To confirm the position that Genesis 1 and Genesis 2 are not in conflict, it
deserves noting that Genesis 4:25 begins the account of Adam’s line through Seth, which continues through the book of Exodus. It clearly states that they are “created” (ἐποίησεν) in the image, and likeness, of God (Genesis 5:1-3). This stands in direct contrast to the man of Genesis 2 who was “formed” (ἔπλασεν = molded) of the dust of the earth, and where woman was “taken from the man”. They are not contradicting one another but showing us a difference that is very
key. God is clearly making a distinction to us about “man” descended of Seth and those not descended of Seth – man created in the image of God vs man formed of the dust. This does not suggest that there were actually two Adams but that man was not in the “image of God” until the line of Seth (Genesis 5:3), “of Adam, of God” (some translations read “the son of Adam, the son of God”) Luke 3:38. It was not until this point that God “blessed them and named them Man” Genesis 5:2.

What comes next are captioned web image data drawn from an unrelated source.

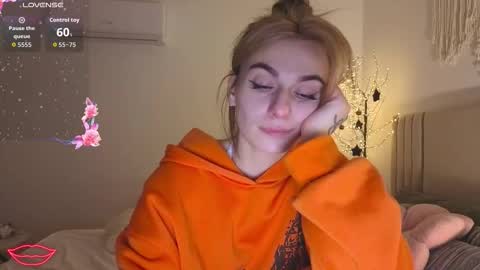 Snapshot of m1ss_arina chatting on 02-12-26, 11:11 M1ss arina online show from 02-12-26, 11:11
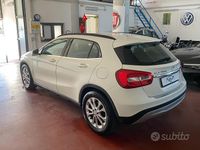 Usata Mercedes GLA180 109 CV (80 kW) 2016 Bianco SUV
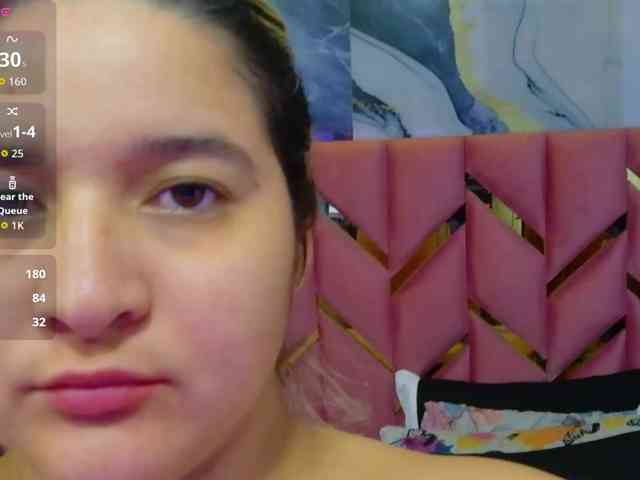 MEGANARIANAA webcam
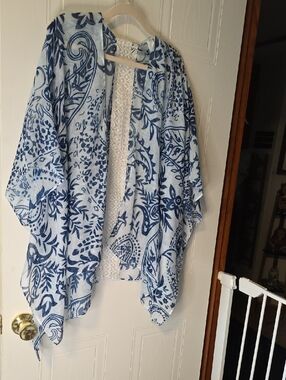 Simply Noelle Blue and White Floral Kimono Cardigan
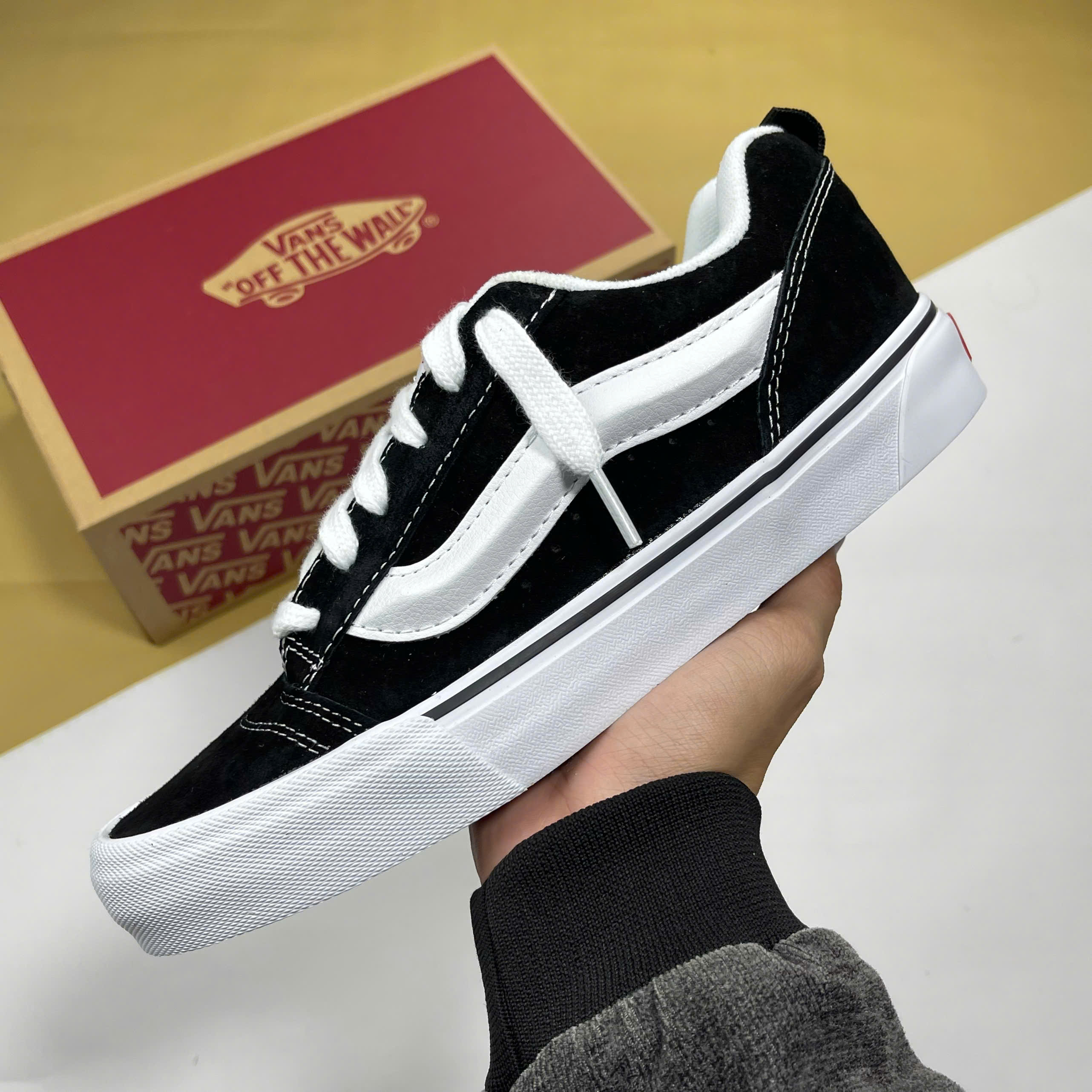 Giày Vans Knu Skool Black White Đen Trắng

Too, God emphasized to us in Genesis 1:27 He “created man in His own image, in the image of God He created him; male and female He created them.” By reiterating “He created them” it should be obvious that the “blessed” man and the woman were individually created in God’s image, that the woman’s flesh and bone was not taken out of man as in Genesis 2, proving that these
stories are intended to shed light on something we don’t ordinarily think of when we rush through a reading of Genesis. Slow down and look at what it actually says. The Genesis 2 account of man and woman relates to Genesis 1:1, not The Days of
Genesis 1:3-2:3.
Some teach that there was a “pre-adamic race” on the earth based in part on certain Bible translations that say God commanded
the man created on the 6th day to “replenish” the earth. Other translations say “fill” or “fulfill” the earth. Either way the idea that a race of people populated the earth before man was
created in the image of God would be consistent with what I am illustrating
here. A “race” of people before man was created in the image and likeness of God would, by
this accounting, be the man molded of the dust.